◆ What the exercise asks:
Emit a verbatim copy of the lines below from the line with "ECO SOUL 150ml" through the line with "Artificial Olive Tree", excluding pictures and everything outside that range.

═════ Data records ═════

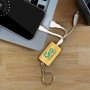 Shopping Tote Bags - Bamboo Charging Cable Key Ring - Rectangle
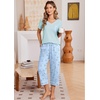 image:imageEkouaer Cotton Pajamas for Women Set Short Sleeve Top and Capri Pants Lounge Sets with Pockets Soft SleepwearBlue Flowers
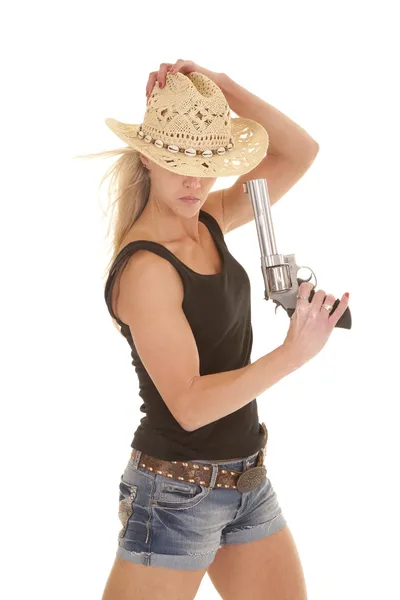 Cowgirl tank top hoofd naar beneden pistool — Stockfoto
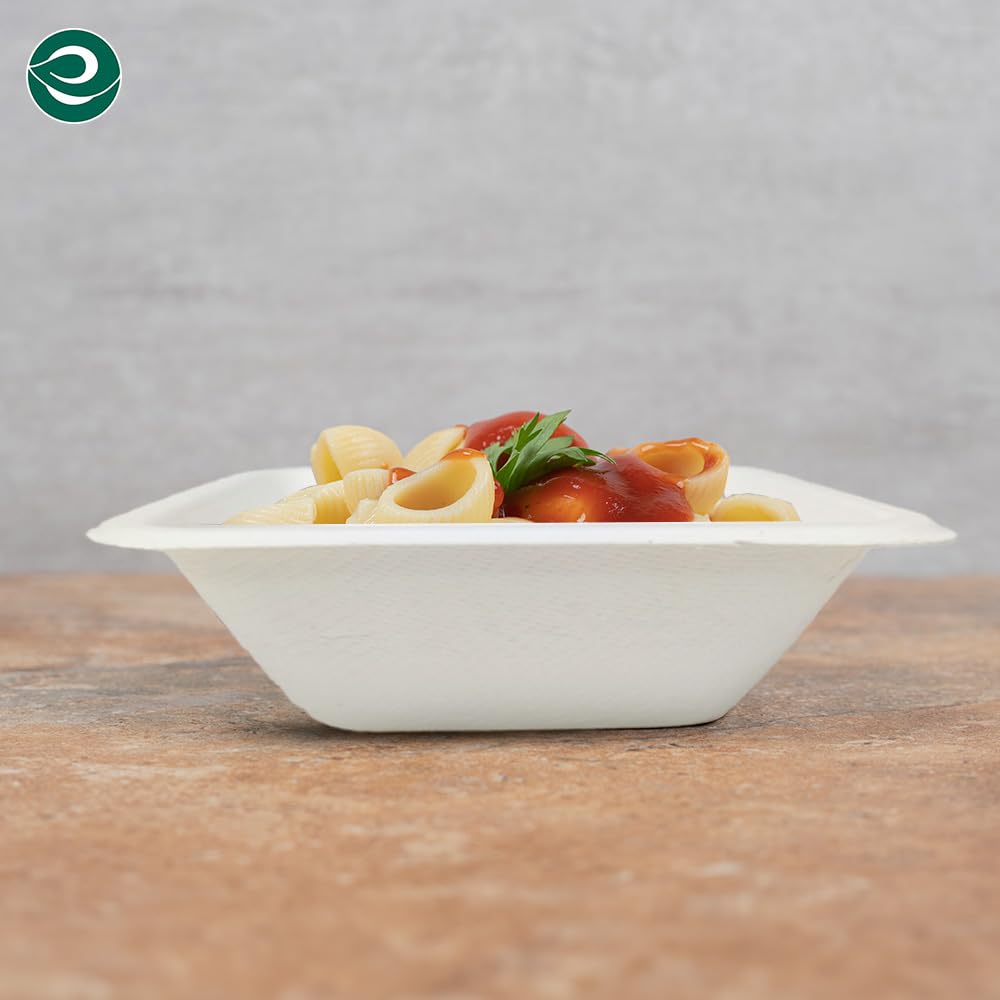 ECO SOUL 150ml (5oz) 50-Pack Biodegradable Sugarcane Bowls - Eco-Friendly Disposable Square Bowls for Snacks, Salads, Parties, Weddings & Events | Microwave & Freezer Safe | Perfect for Home, Restaurant & Catering Use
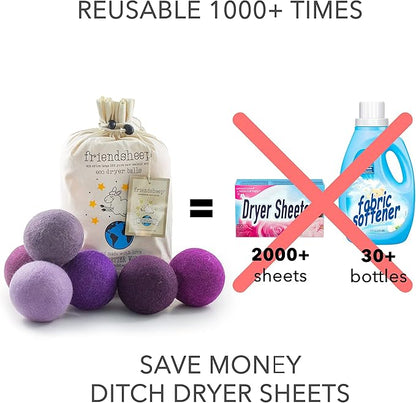 Friendsheep Wool Dryer Balls, Organic Reusable Fabric Softener Alternative for Laundry, Handmade, Fair Trade, Hypoallergenic, Eco-Friendly, Plastic-Free (6 Pack XL - Purple Haze)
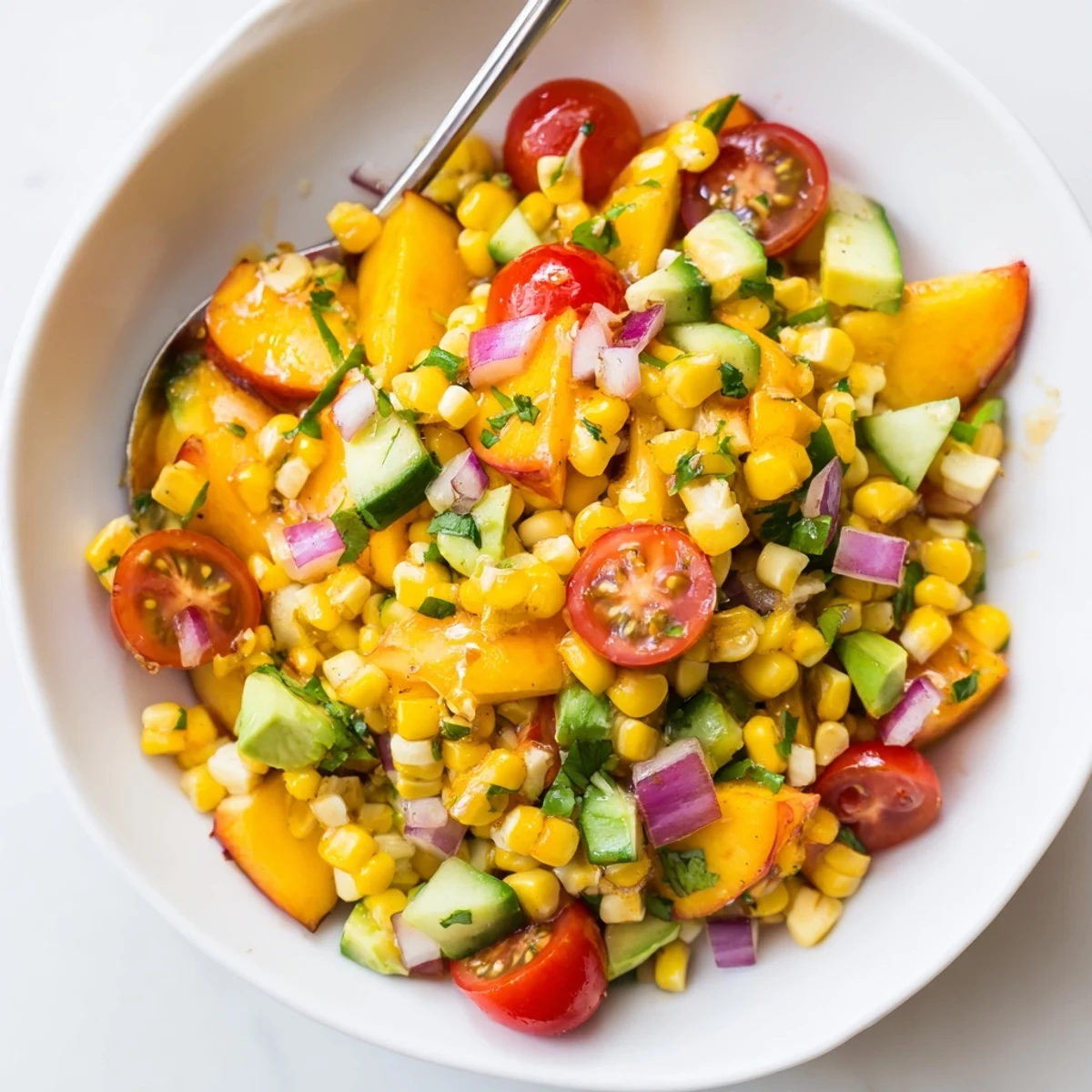 Grilled corn and avocado-topped Fresh Peach Corn Salad with Honey Lime Dressing, picnic-ready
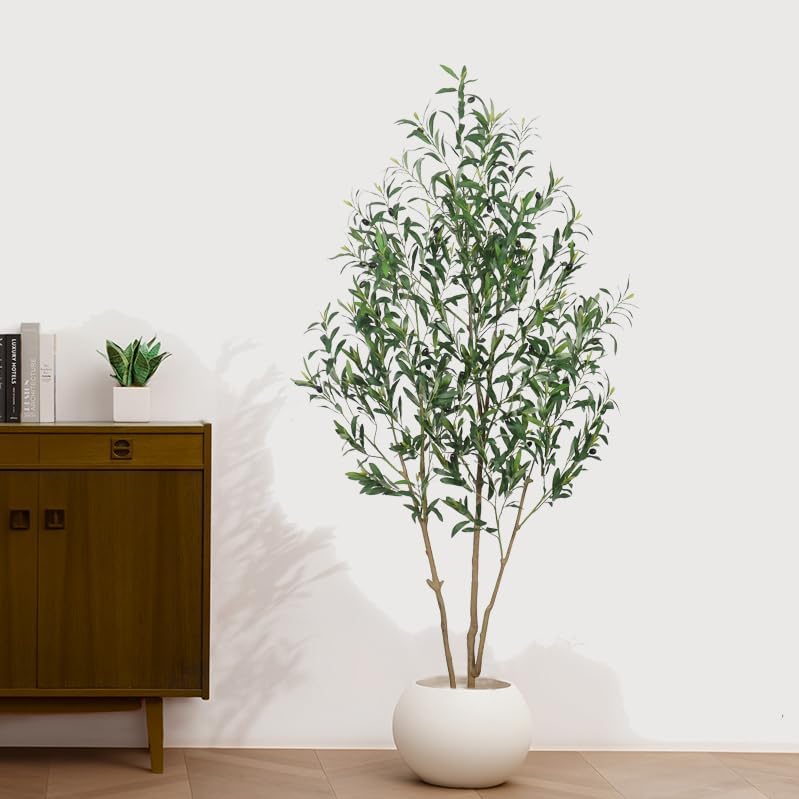 Artificial Olive Tree with White Pot,6FT high, Fake Tree containing 1440 Dense Leaves and 80 Highly Simulated Olive Fruits, Suitable for Home Office Living Room Floor Decoration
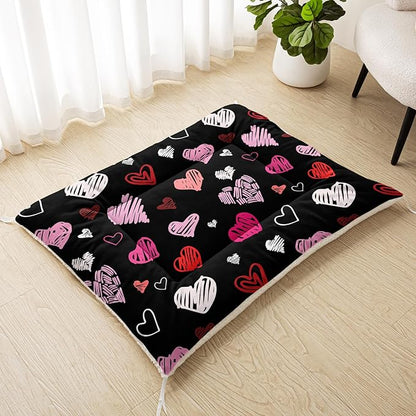 Dog Cat Bed Mat Ultra Soft Fluffy Pet Bed Washable Fashion Dog Crate Beds Comfy Comfy Pet Sleeping Pad Suitable for Pet Raised Bed(30"x26",Heart)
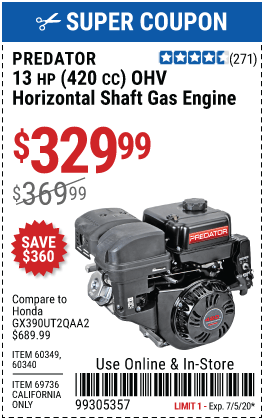 PREDATOR 13 HP (420cc) OHV Horizontal Shaft Gas Engine for $329.99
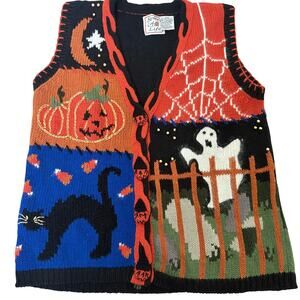 Vintage Halloween Sweater Vest Haunted House Ghost Cat Pumpkin M EclecticGrandma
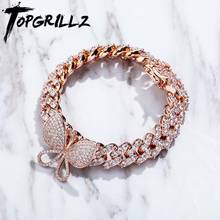 Topgalisz-pulseira de borboleta, 8mm, bracelete cubano, zircônia cúbica, joia de hip hop 2024 - compre barato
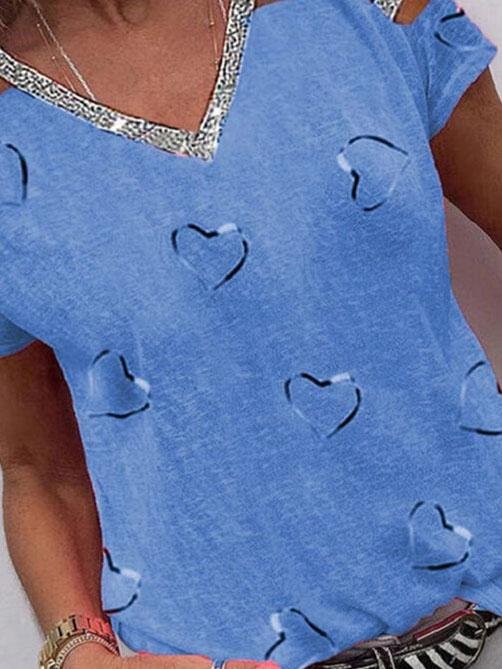 Love Print V-neck Off The Shoulder T-shirt - T-Shirts - INS | Online Fashion Free Shipping Clothing, Dresses, Tops, Shoes - 04/06/2021 - Category_T-Shirts - Color_Blue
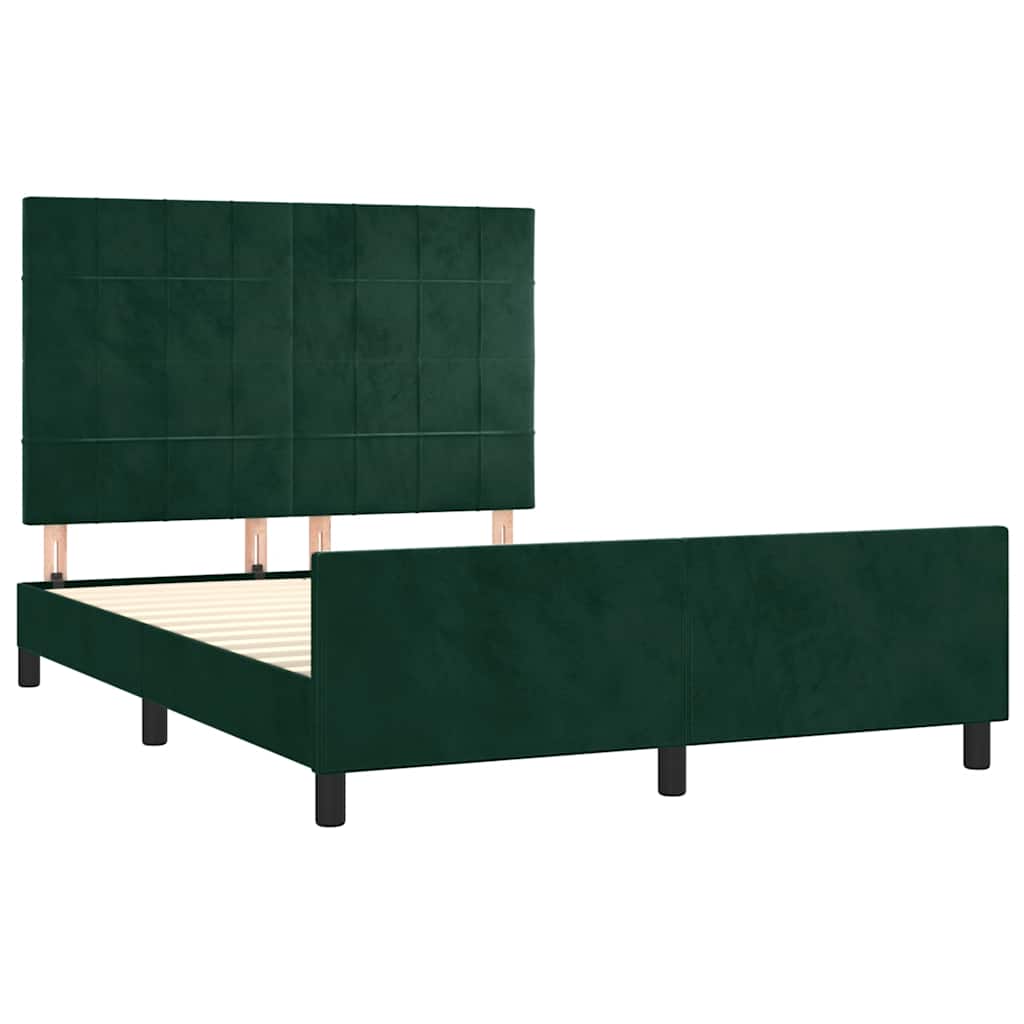 sötétzöld bársony ágykeret matrac nélkül 140 x 190 cm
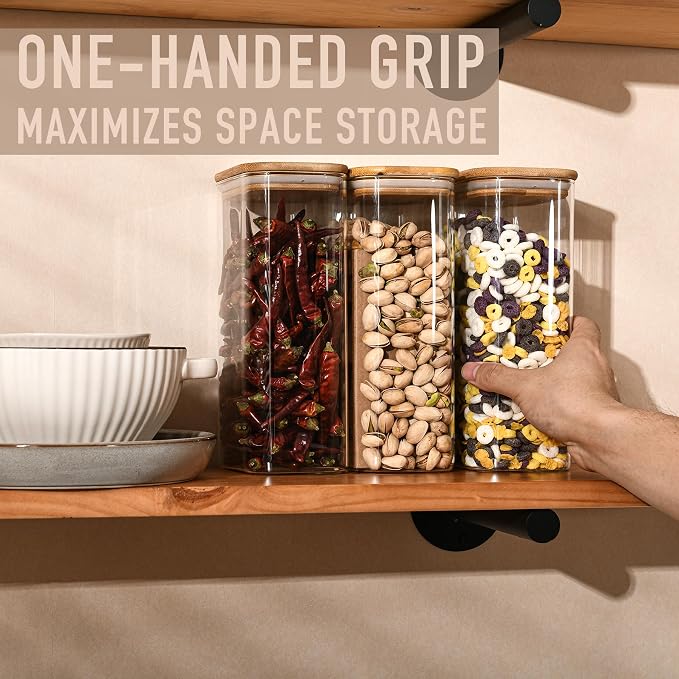D2scrma 56oz Rectangle Airtight Glass Storage Containers with Bamboo Lids (Set of 3), Square Food Storage Jar, Pantry Organizers for Oats, Cereal, Pasta and Coffee beans (‎with Black Lable) - Image 3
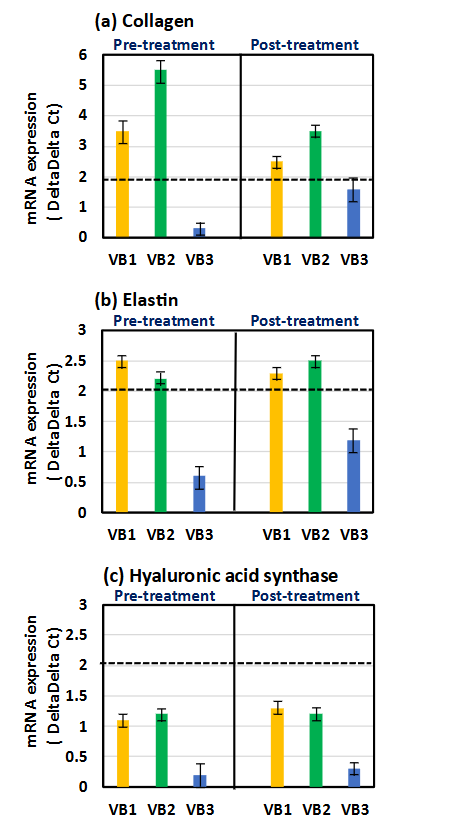 Effects of pre- or post-treatment with VBs on the expression of collagen (a), elastin (b), and hyaluronic acid synthase (c) in human dermal fibroblasts cultured in advanced glycation end products-causing stress conditions. A significant difference is considered when the delta delta Ct value differs by more than two-fold compared to the control.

═════

◆ Reply to the exercise:
 ECO SOUL 150ml (5oz) 50-Pack Biodegradable Sugarcane Bowls - Eco-Friendly Disposable Square Bowls for Snacks, Salads, Parties, Weddings & Events | Microwave & Freezer Safe | Perfect for Home, Restaurant & Catering Use
 Friendsheep Wool Dryer Balls, Organic Reusable Fabric Softener Alternative for Laundry, Handmade, Fair Trade, Hypoallergenic, Eco-Friendly, Plastic-Free (6 Pack XL - Purple Haze)
 Grilled corn and avocado-topped Fresh Peach Corn Salad with Honey Lime Dressing, picnic-ready
 Artificial Olive Tree with White Pot,6FT high, Fake Tree containing 1440 Dense Leaves and 80 Highly Simulated Olive Fruits, Suitable for Home Office Living Room Floor Decoration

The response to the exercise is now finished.